Steven A. Wechsler, president and CEO of the National Association of Real Estate Investment Trusts (NAREIT), and Steve Bartlett, president of The Financial Services Roundtable, sent the following letter, dated Oct. 23, 2001, to President Bush:
“Our two organizations, representing the CEOs of the nation’s largest financial services companies and publicly traded real estate companies commend you for your leadership in formulating a proposal to address the challenges associated with the availability of insurance against risks associated with terrorism. Without such coverage, your efforts to stimulate the economy may be hindered as many business sectors will face economic disruption as a result of their inability to acquire terror-related insurance.
“As the legislative process moves forward, we stand ready to assist both you and Congress in developing a temporary federal insurance program that provides sufficient coverage against terrorist risk until the private insurance market has the capacity to cover such risks. We feel strongly that in order for the final proposal to constitute a workable solution to this problem, three specific areas of concern to our organizations need to be addressed.

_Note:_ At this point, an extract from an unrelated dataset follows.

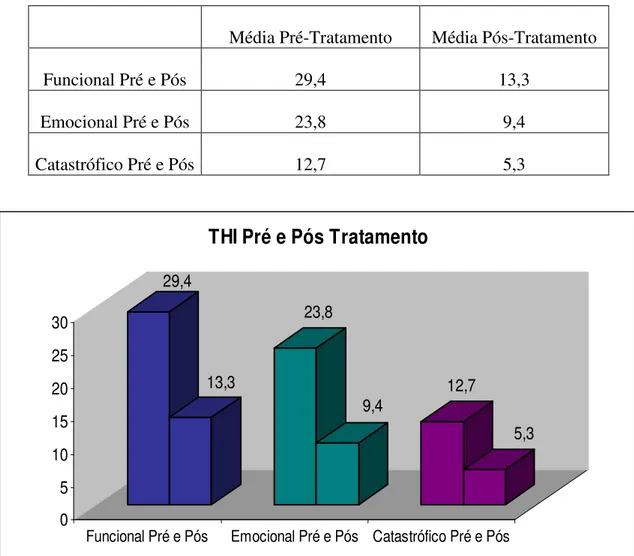 Figura  III  –  Médias  dos  quesitos  funcional,  emocional  e  catastrófico  avaliados  pelo  THI  antes  e  após  o  tratamento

“First, any federal insurance program must be of a sufficient duration to allow the private insurance market to accurately price the risks associated with terrorist acts and to build capacity in reserves to cover losses against such acts. This is necessary to give others in the marketplace confidence that that the government will not terminate its participation in the program until such time as a private market has been developed. For example, real property, being a long-lived fixed asset, generally is financed over a long- term–typically 10, 20 or 30 years. Lenders expect properties that they finance to be adequately insured for the duration of the loan agreement. Although it may be unrealistic to expect a federal program to last for ten years, it is important for policy-makers to recognize that any federal insurance program that does not provide adequate time for a private insurance market to develop may prompt lenders to resist financing long-term loans.
“Second, it is important that the definition of ‘terrorist acts’ for purposes of insurance coverage under this new federal insurance program insure against any losses arising out of future attacks by terrorists such as al Qaeda and its affiliates. Unfortunately, the unique circumstances surrounding the current conflict have the potential to blur significantly the distinction between terrorism and ‘acts of war.’ Without such clarification, our industries fear that we could be faced with years of costly litigation to prove coverage.
“Lastly, it is important that policymakers consider carefully the relative split of risk exposure among property owner, lender, insurer, and Federal Government in the final proposal. The establishment of a minimum level of insured losses to trigger participation in the federal insurance program and the significant insurer retention called for above that level, may lead private insurers to radically raise the deductibles to which ‘soft opening’ properties (office buildings, shopping malls, hotels, stadiums) are subject. This could effectively put equity positions at total risk or be tantamount to no coverage for many properties. Again, Mr. President, thank you for your leadership in pursuit of a solution to this emerging issue.”